[cfe-dev] RFC: change string hash function in libc++

Sun Dec 4 12:07:19 PST 2011

On 4 December 2011 17:50, Howard Hinnant <hhinnant at apple.com> wrote:
> On Dec 4, 2011, at 6:11 AM, Daniel James wrote:
>
>> IIUC these hash functions are designed to be used with containers
>> whose number of buckets is a power of 2 which can be faster since they
>> use bit operations to select the bucket. So it might be worth testing
>> for that case as well as the current implementation. Doing that in an
>> STL container would require some template thing to determine which
>> strategy to use. I don't know if you would consider that acceptable.
>
> The libc++ std::hash are being designed/tested only with the libc++ unordered containers.  The libc++ containers restrict the number of buckets to a prime (which the client can select).  Perhaps I'm misunderstanding your point?

Probably not, I was mostly blathering on. My main point was that these
hash functions seem to be optimised for a different use case. That
doesn't mean they aren't good for this use case, but there are fewer
benefits.

>> Another metric would be to place a set of elements in the container,
>> and then measure the number of lookups required for a separate set of
>> elements. Using real data is also a good idea; randomly generated data
>> tends to hash to random buckets.
>
> So far I've just been testing hash<arithmetic types>, though by the end of the day I hope to have moved on to hash<string>.  I'm open to concrete suggestions on data sets I should be testing.

For one example, I once read a paper (that I can't find) which used IP
addresses from server logs. I think it was for strings but converting
ip addresses to integer values would be an interesting. IP addresses
tend to have patterns that you don't see in random data because of
they way they're allocated.

> One of the decisions I'm making based on this test is what to do with two (or four) size_t's when I need to combine them into one.  What's checked in is:
>
>        return __u.__a ^ __u.__b;

That does seem pretty bad.

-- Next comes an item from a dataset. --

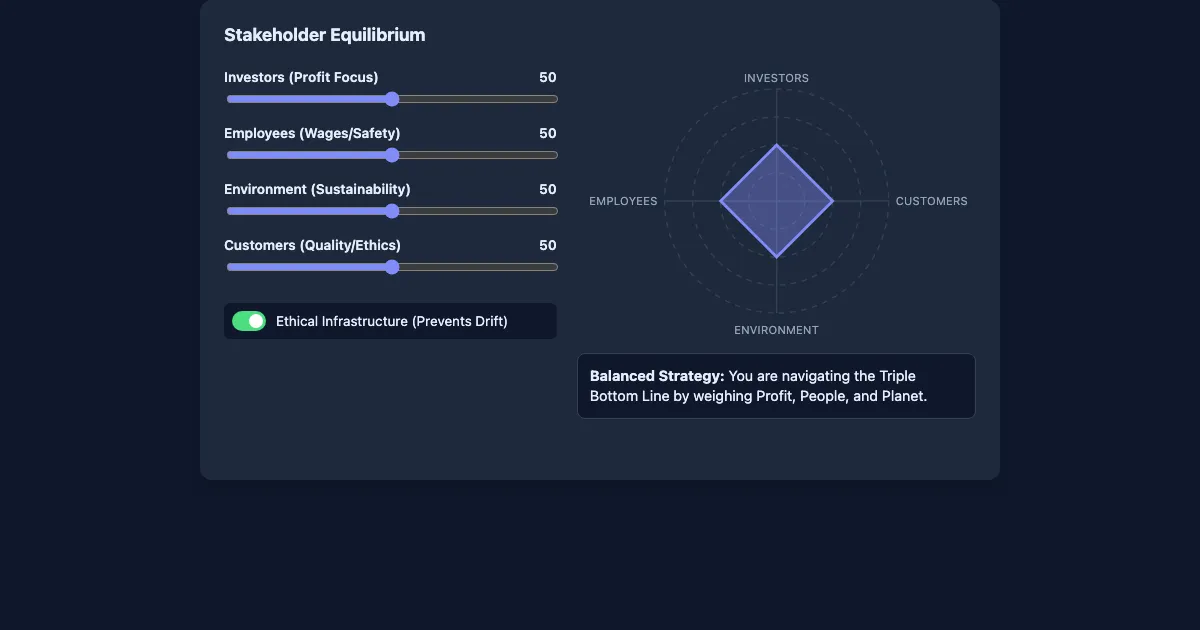 Preview of the Stakeholder Equilibrium Demo interactive demo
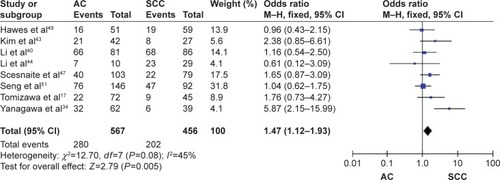 Figure 3 Forest plot for RARβ hypermethylation in AC and SCC.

Using a random distribution won't catch the
potential problems with something like that. For integers it's quite
easy to come up with a realistic example of where that could go wrong.
Say you're using it to hash 64-bit integers to 32-bit values. Someone
comes along and stores 32-bit co-ordinate pairs in 64-bit values (i.e.
x * 2^32 + y). Now (x,y) will always hash to the same value as (y,x),
When x=y, (x,y) will always hash to 0.

> But I was wondering if it would be better to:
>
>        return __murmur2<size_t>()(&__u, sizeof(__u));

That's actually a bit buggy for floats. On some platforms sizeof is
larger than the actual size of the floating point type and includes
some padding for alignment which can contain junk values (very common
for long double). It isn't always guaranteed that equal floating point
values have different representations (although IIRC it is for the
IEEE apart from weird edge cases like 0, -0 and maybe the infinity
values). Sometimes you get really weird representations, such as using
the sum of two doubles for a long double. I think Apple used to do
that for PowerPC macs.

You can see my attempt at a portable hash function for floats in boost
(boost/functional/hash/detail/hash_float_*.hpp), but it isn't great.
I'm sure an expert could do better. I only used a binary hash for one
particular setup where it was needed. I considered doing it elsewhere,
but it would have taken too much maintenance. It's such an odd use
case I'm not sure if anyone has ever used it.

> My results so far are indicating that for arithmetic tests the use of murmur isn't significantly better than a simple xor.  I'm also not seeing any motivation at this time to run integral types with sizeof <= sizeof(size_t) through something line murmur, instead of just:
>
>    return static_cast<size_t>(__v);

This is worth a read:

http://www.concentric.net/~ttwang/tech/inthash.htm

> I'm looking at this because of http://llvm.org/bugs/show_bug.cgi?id=10971 .

His test seems very contrived. All hash functions are going to have
worst cases, the question is how likely it is that they'll turn up.